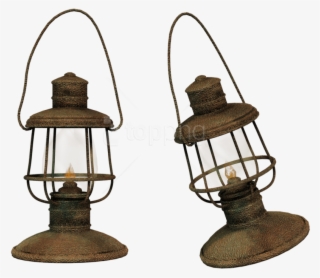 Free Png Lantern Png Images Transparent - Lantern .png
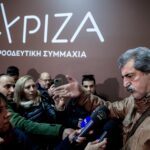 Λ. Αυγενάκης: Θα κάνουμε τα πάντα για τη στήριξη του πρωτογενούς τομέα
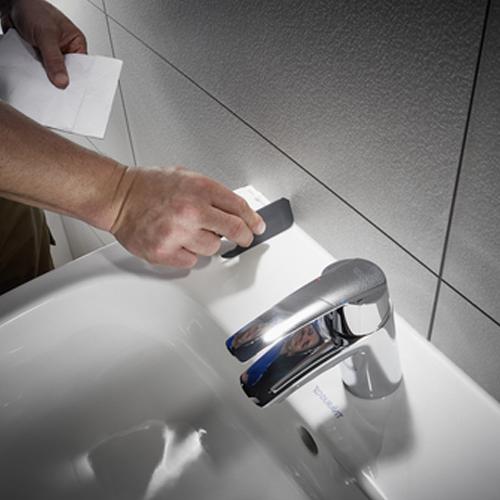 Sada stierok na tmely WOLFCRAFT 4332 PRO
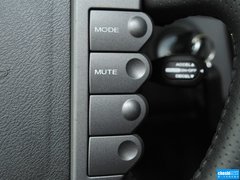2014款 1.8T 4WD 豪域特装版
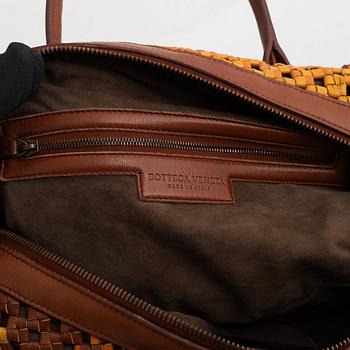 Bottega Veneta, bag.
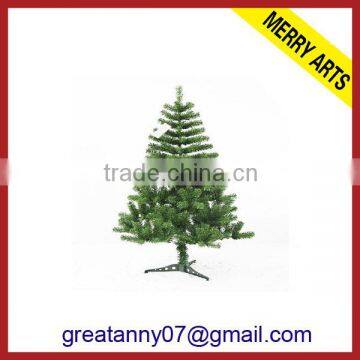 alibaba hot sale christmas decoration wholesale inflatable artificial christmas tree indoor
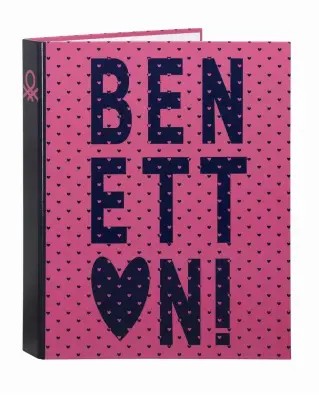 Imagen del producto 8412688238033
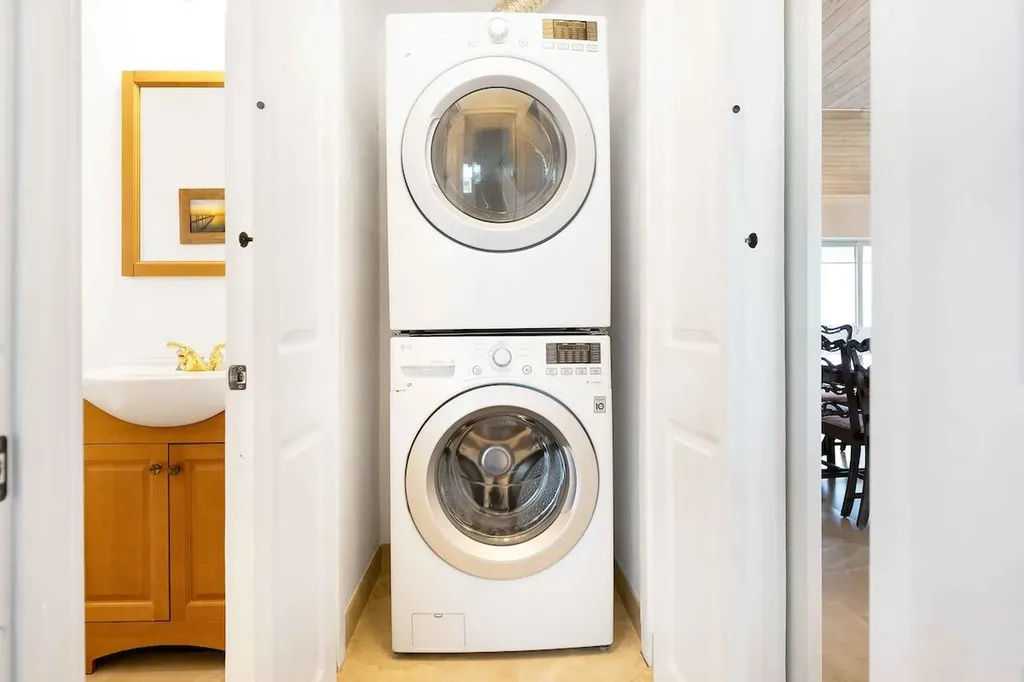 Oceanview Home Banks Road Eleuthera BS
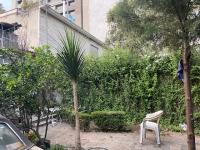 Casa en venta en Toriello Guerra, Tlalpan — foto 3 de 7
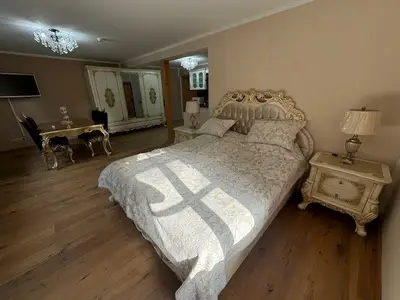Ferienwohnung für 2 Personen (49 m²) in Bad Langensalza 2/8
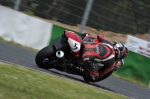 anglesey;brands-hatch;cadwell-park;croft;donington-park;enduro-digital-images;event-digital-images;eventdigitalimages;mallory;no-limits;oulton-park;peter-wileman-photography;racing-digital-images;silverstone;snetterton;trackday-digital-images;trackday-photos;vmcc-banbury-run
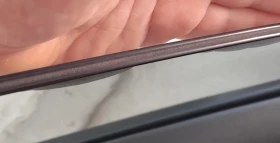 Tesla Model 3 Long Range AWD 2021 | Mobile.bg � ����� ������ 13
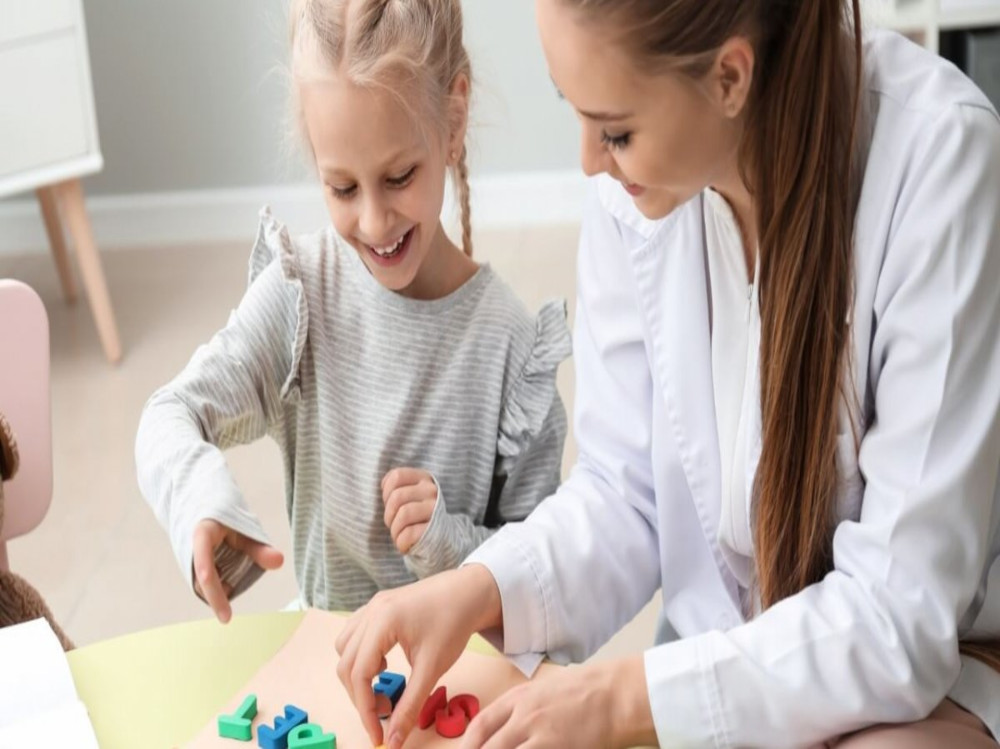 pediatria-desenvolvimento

• [TRY IT]:
Reproduce the data above in full, exactly, with the images removed.

• [ANSWER]:
 Free Png Lantern Png Images Transparent - Lantern .png
 Λ. Αυγενάκης: Θα κάνουμε τα πάντα για τη στήριξη του πρωτογενούς τομέα
 Sada stierok na tmely WOLFCRAFT 4332 PRO
2014款 1.8T 4WD 豪域特装版
 Bottega Veneta, bag.
 alibaba hot sale christmas decoration wholesale inflatable artificial christmas tree indoor
 Imagen del producto 8412688238033
 Oceanview Home Banks Road Eleuthera BS
 Casa en venta en Toriello Guerra, Tlalpan — foto 3 de 7
Ferienwohnung für 2 Personen (49 m²) in Bad Langensalza 2/8
 anglesey;brands-hatch;cadwell-park;croft;donington-park;enduro-digital-images;event-digital-images;eventdigitalimages;mallory;no-limits;oulton-park;peter-wileman-photography;racing-digital-images;silverstone;snetterton;trackday-digital-images;trackday-photos;vmcc-banbury-run
 Tesla Model 3 Long Range AWD 2021 | Mobile.bg � ����� ������ 13
 pediatria-desenvolvimento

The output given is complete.